G:「叫び」の作者の写真が早野のイメージに重なる。「時の家」の作者もスケッチしてる青年を思わせる。2人とも、なんてぴったりの小説を書くんだ(笑)。
A:面白い。比べたらいろいろなものが見えてくる。2作あってよかった。
アプローチは正反対なんだけど、根元のモチベーションが似ているからなおさら。
G:青年には藪さん、早野には先生という師匠がいて。対になっていますね。
【小説の「場」について】
J:一つだけ質問。私は阪神・淡路大震災のとき東京にいたので、共鳴するところがないんです。その作品に共感するっていうのは地域性がある。その土地の名前だけを提示して、これが好きって思わせる作品が本当にいいものなのかな。
地方を舞台にするのは難しい。東京と出せばみんな納得してくれるけど、例えば岡山の津山を出したら「ん?」となる。その辺りはどう書いて行けばいいんだろう。
A:ほとんどの人は津山を知らないから、街の名前だけ出してもわからない。だからわかってもらえるように描写に力を入れるしかないんじゃないかな。「叫び」でも茨木のことを詳細に書いてますよね。大阪以外の人は茨木のことを知らないから、これくらいみっちり書かなくちゃいけない。その場所をイメージさせて、読者をそこに連れていくのが小説。難しいけどそれをするしかない。
H:場が立ち上がってこないと共鳴できないですからね。資料として読むのと物語として読むのは違う。資料として読むと距離がある。物語として読むと自分ごととして読むから共鳴できる。そういうのが小説の力じゃないかなと思っている。
だから場面を立ち上げるために、津山のその場所はどういい場所なのかということを書き込まなくてはならないんだと思う。
A:「叫び」を読んだら、万博に行ったことなくてもすごい行列だったことがわかるし、大屋根リングに登ったことがなくてもなんとなくわかるじゃないですか。

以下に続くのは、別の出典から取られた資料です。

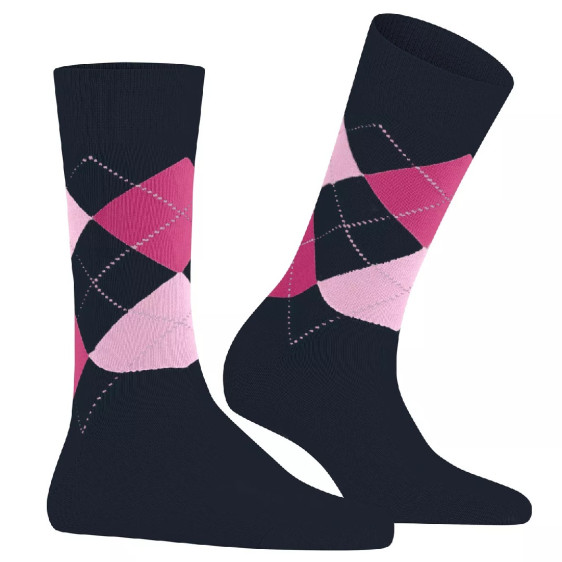 detail 22004 6123 marine 36-41 Ponožky Falke Burlington Queen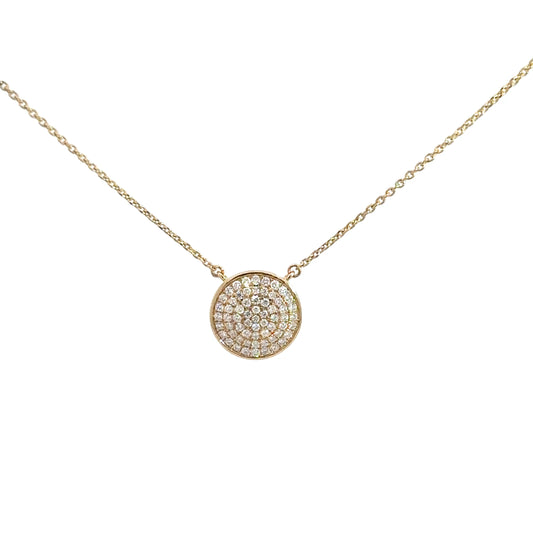 14k Yellow Gold Diamond Round Cluster Pendant 1/3cttw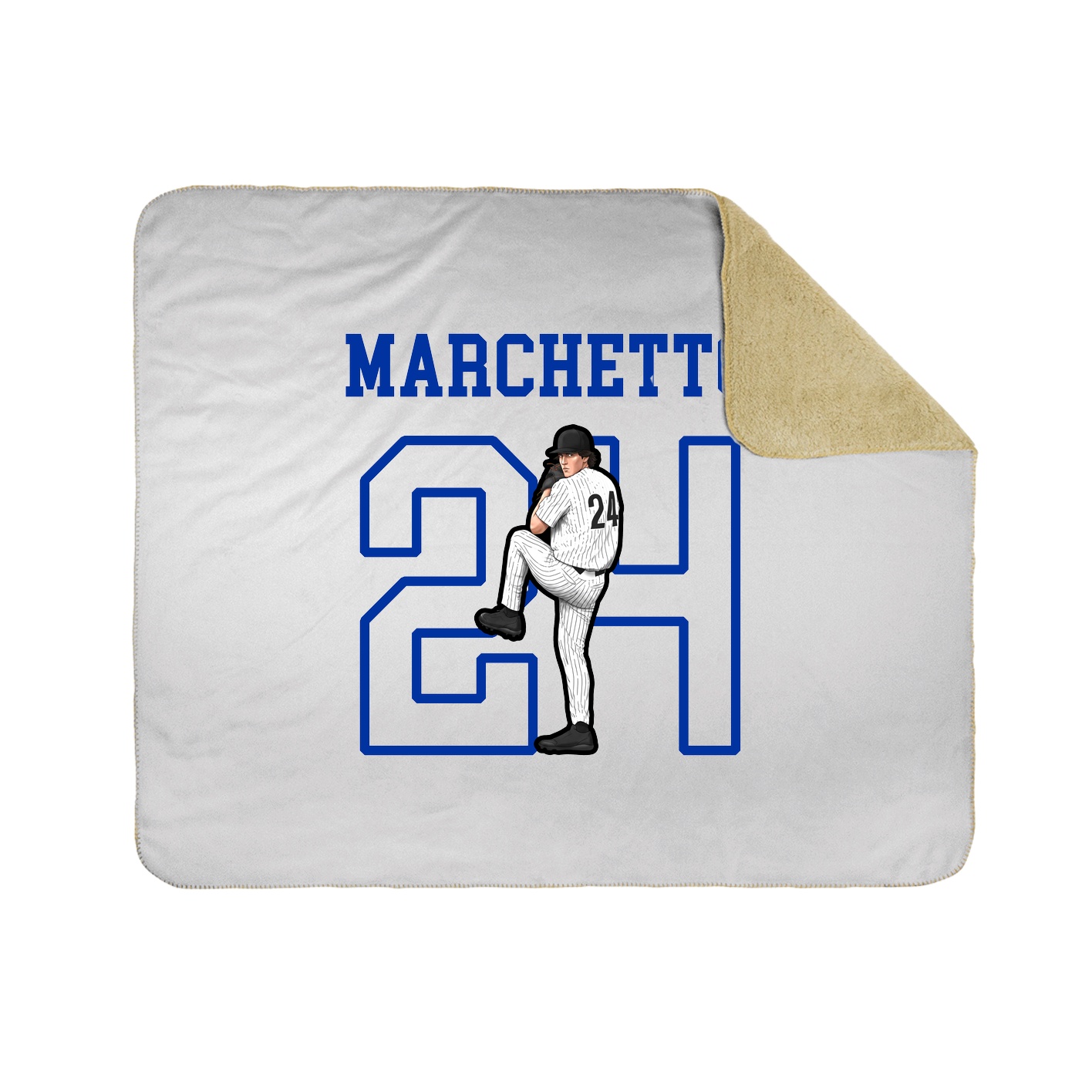 Throw Blanket — Shirsey in White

G:作品にとって相応しい、場所のディテールの分量がある。ちゃんとそこに相応しいドラマがあって、読んでて面白いってなれば自然と入ってくる。それなしに、いきなりこうこうこうなんです、って説明しても読んでもらえない。
A:小説にとって、どれだけその場である必然性があるか。茨木は銅鐸の産地だからここでなくてはならない。

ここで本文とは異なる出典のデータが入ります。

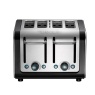 Dualit 4 Slice Architect Toaster - Black & Brushed Stainless Steel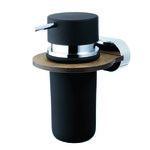 Dozownik mydła Bergen drewno/chrom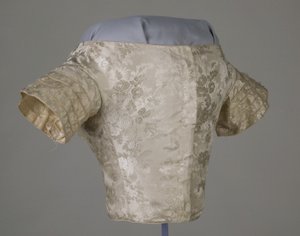 Corpetto da sposa (vista obliqua posteriore)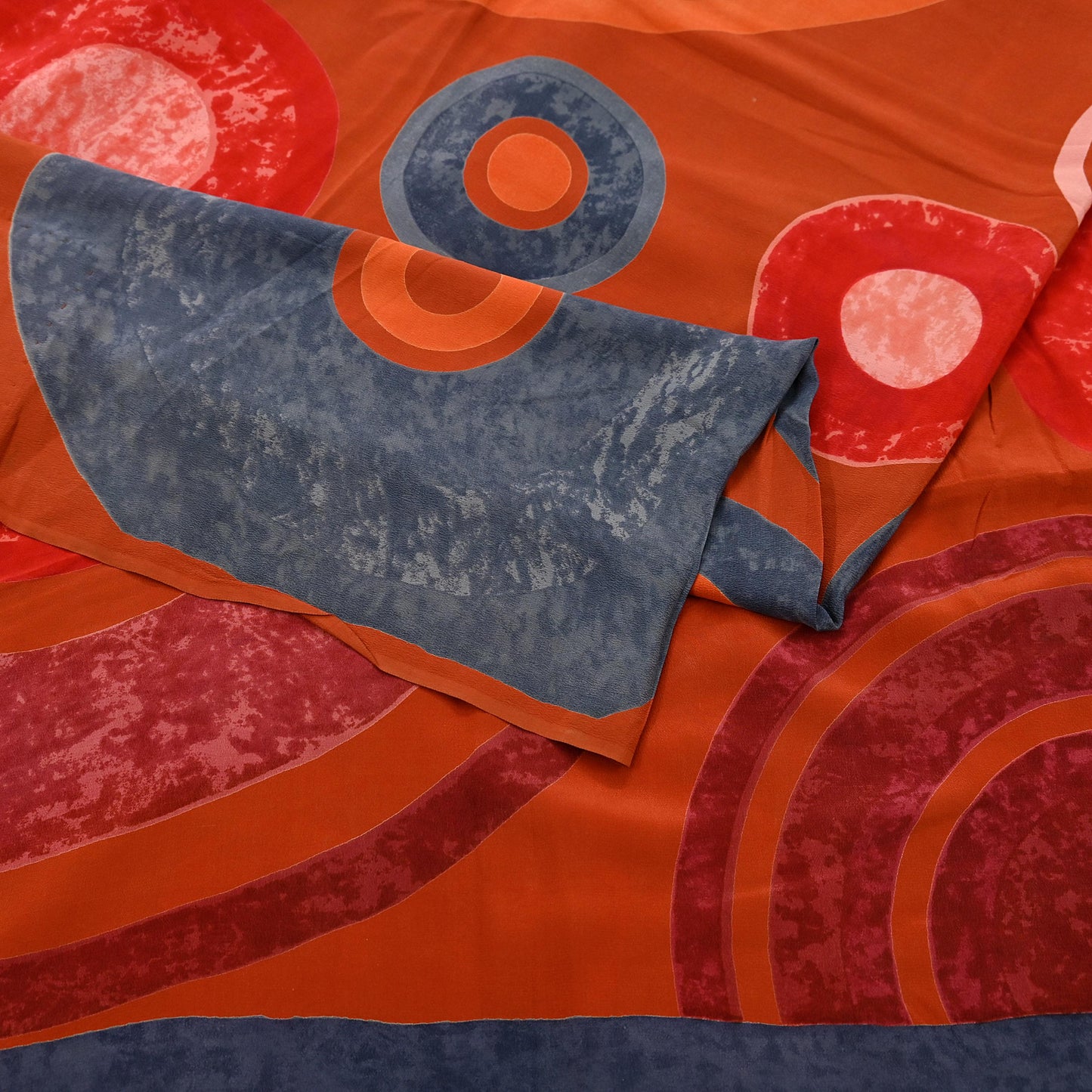 Indian Vintage Multi Pure Crepe Silk Saree | Floral Print | 5 Yards | Soft Sewing Fabric for Dressmaking, Quilting, Crafting & Upcycling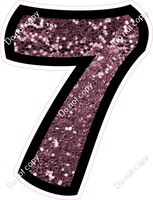 BB 18" Individuals - Mauve Sparkle 7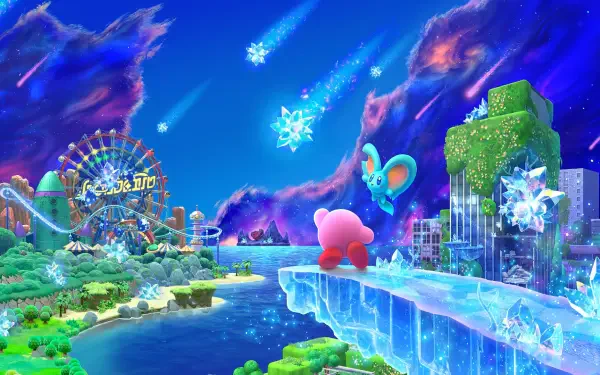 Kirby and The Forgotten Land HD Desktop Wallpaper | Background Image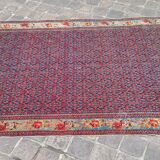 Ancien tapis d'orient fait main sena persan 2,07 x 1,35 m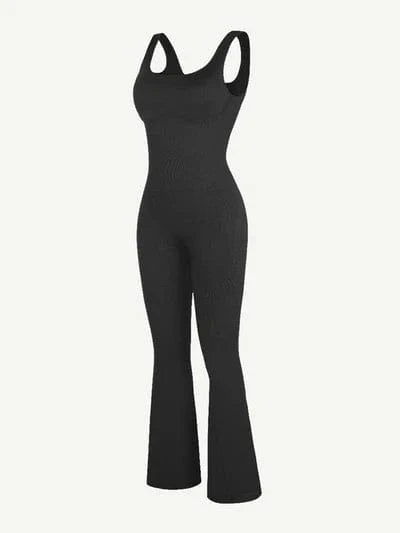 CurvyPower | NL Jumpsuit Low Back Tummy Control Flared Jumpsuit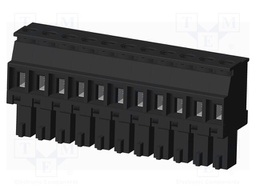 Connector: pluggable terminal block; plug; female; angled 90°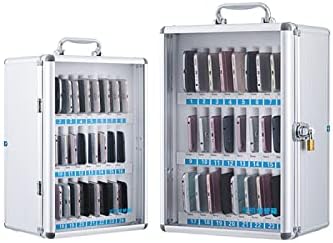 Mobile Phone Storage Box with Handle - 36/60 Slot Secure Cell Phone Locker for Office & Classroom Organization, Ideal for Schools and Workspaces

地名を聞いただけでは場が立ち上がらない人(その場所を知らない人)に読んでもらう前提で書くべき。
D:決まった土地を舞台にした作品を募集する文学賞の選考で、その土地のことを全然知らない人が書いた作品はすぐにわかるんだそう。いきなり有名なお店を出したり、作品に必要なさそうな、その土地ゆかりのものを入れたりしているから、わざとらしいんだって。